> **Directions**
Copy out exactly the lines spanning the line with "#13 Women College" to the line with "ml – зелен нюанс", inclusive, from the data underneath, with no pictures.

> **Provided data**
++++++++++++++++++++

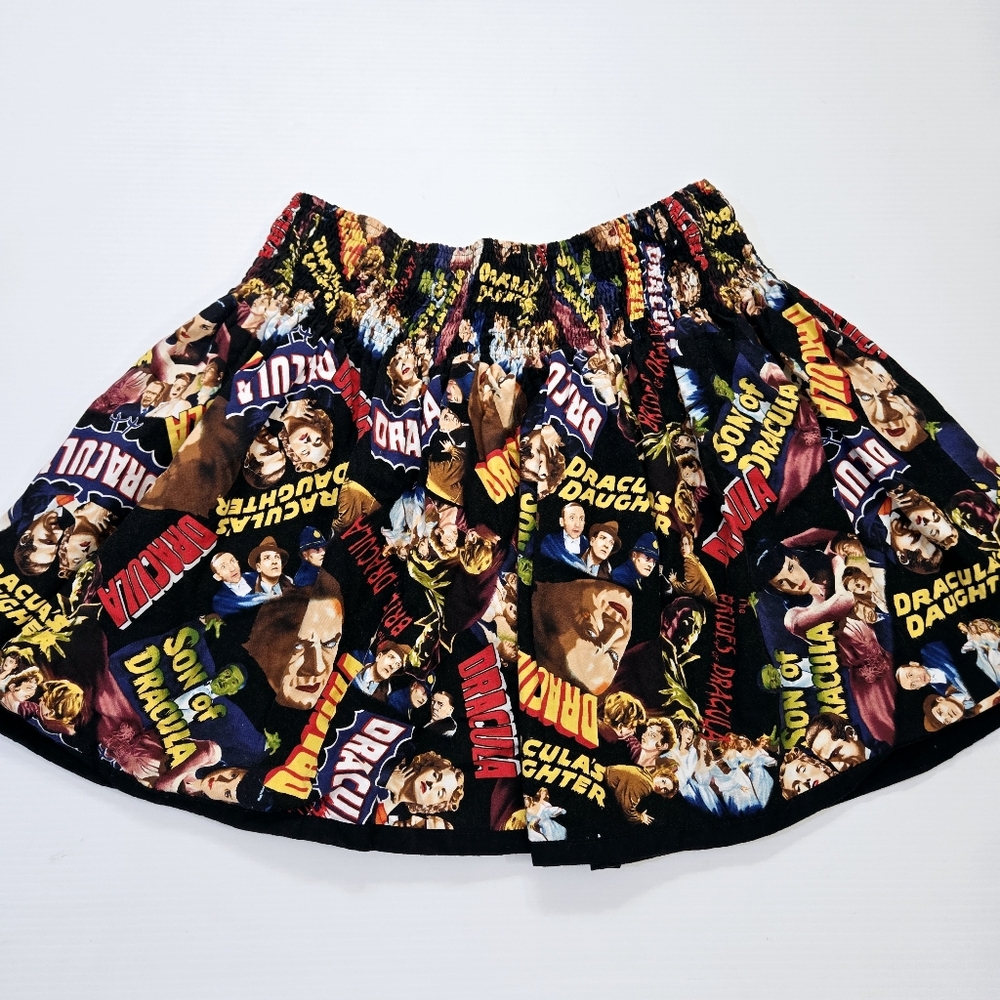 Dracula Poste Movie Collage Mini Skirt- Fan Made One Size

++++++++++++++++++++

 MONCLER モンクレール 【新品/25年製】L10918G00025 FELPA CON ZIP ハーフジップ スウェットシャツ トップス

++++++++++++++++++++

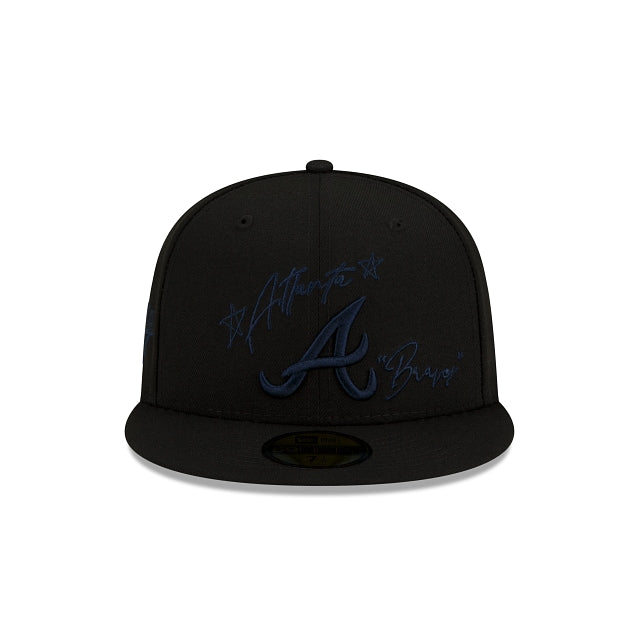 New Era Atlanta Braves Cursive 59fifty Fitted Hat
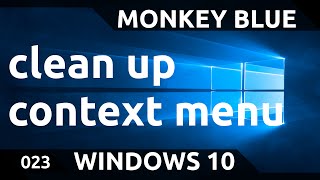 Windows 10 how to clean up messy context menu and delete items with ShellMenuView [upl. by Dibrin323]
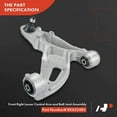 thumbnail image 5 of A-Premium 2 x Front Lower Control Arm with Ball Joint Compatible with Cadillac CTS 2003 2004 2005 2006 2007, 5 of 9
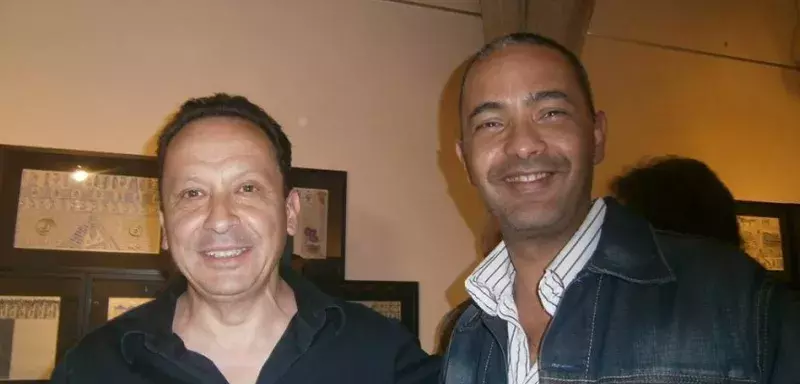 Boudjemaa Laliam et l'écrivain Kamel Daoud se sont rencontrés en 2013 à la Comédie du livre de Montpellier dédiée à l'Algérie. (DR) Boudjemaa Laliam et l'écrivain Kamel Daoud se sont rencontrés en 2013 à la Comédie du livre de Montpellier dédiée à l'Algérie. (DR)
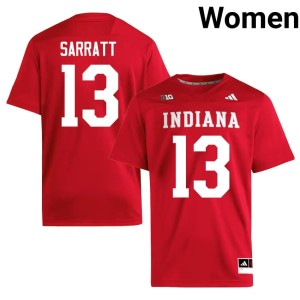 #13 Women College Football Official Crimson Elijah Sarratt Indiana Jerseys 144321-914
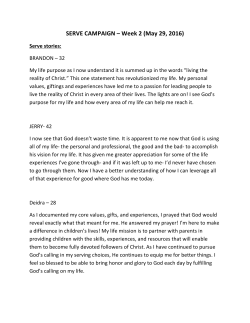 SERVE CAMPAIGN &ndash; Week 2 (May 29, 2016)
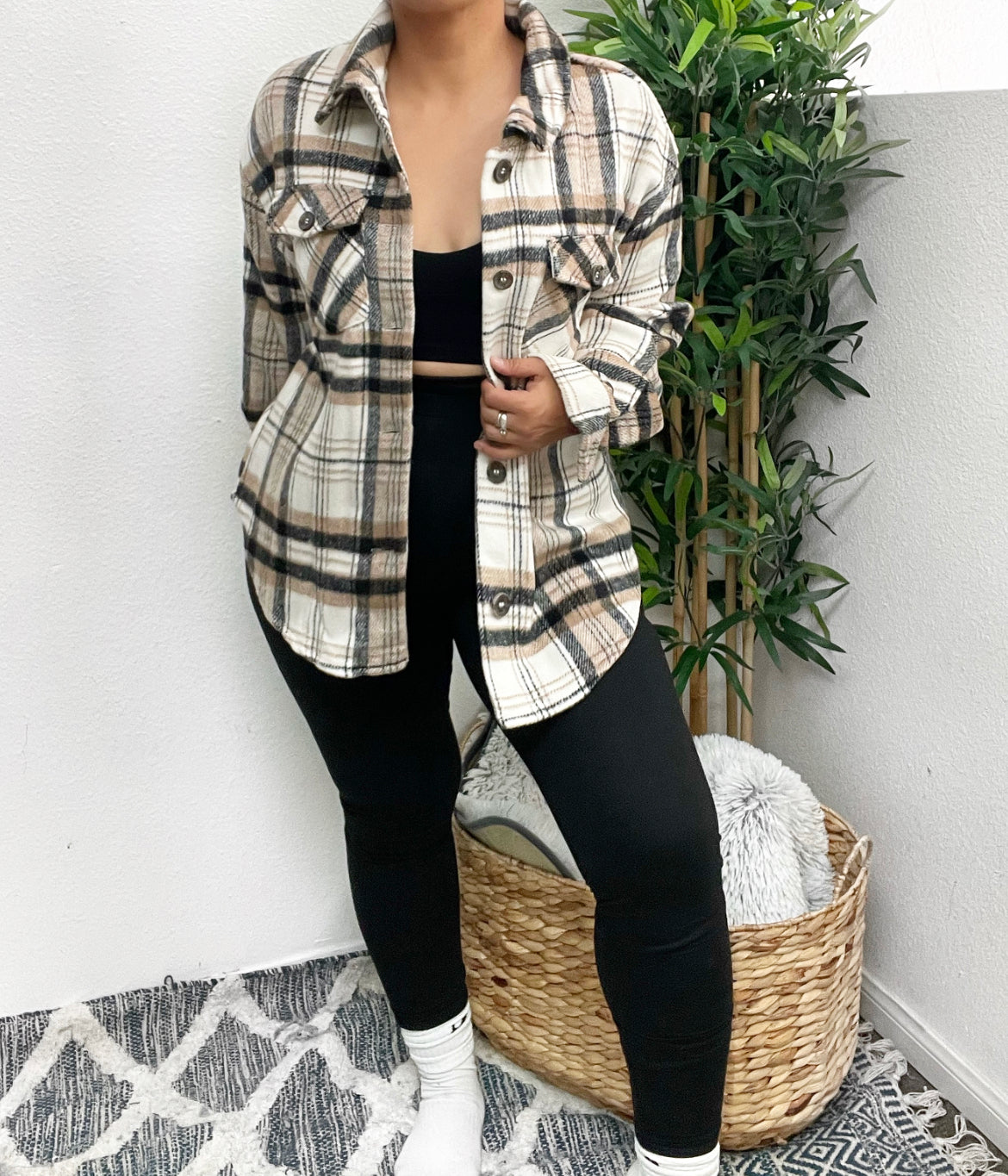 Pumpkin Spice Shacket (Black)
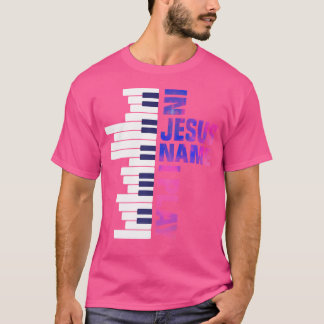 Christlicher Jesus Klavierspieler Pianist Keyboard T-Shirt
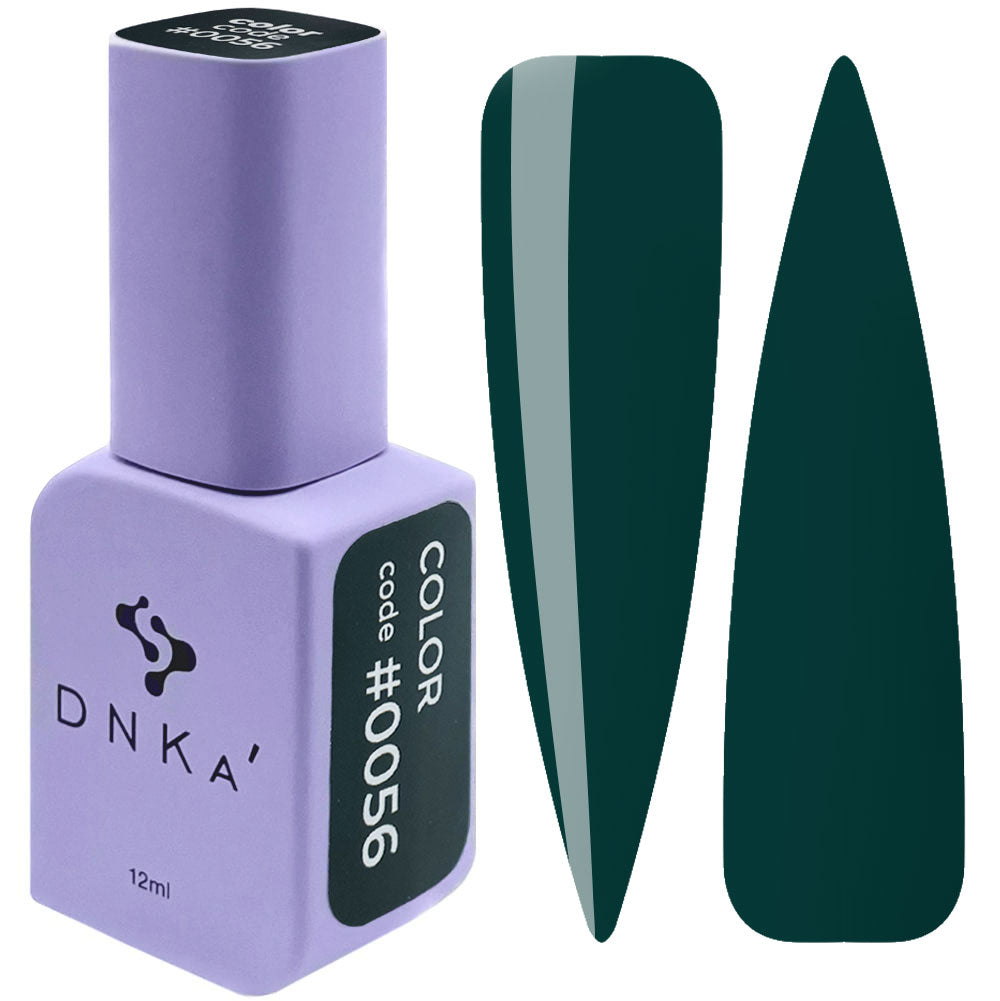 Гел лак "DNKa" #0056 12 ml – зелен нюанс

++++++++++++++++++++

> **Exercise response**
 #13 Women College Football Official Crimson Elijah Sarratt Indiana Jerseys 144321-914
 SERVE CAMPAIGN &ndash; Week 2 (May 29, 2016)
 Pumpkin Spice Shacket (Black)
 Christlicher Jesus Klavierspieler Pianist Keyboard T-Shirt
 Гел лак "DNKa" #0056 12 ml – зелен нюанс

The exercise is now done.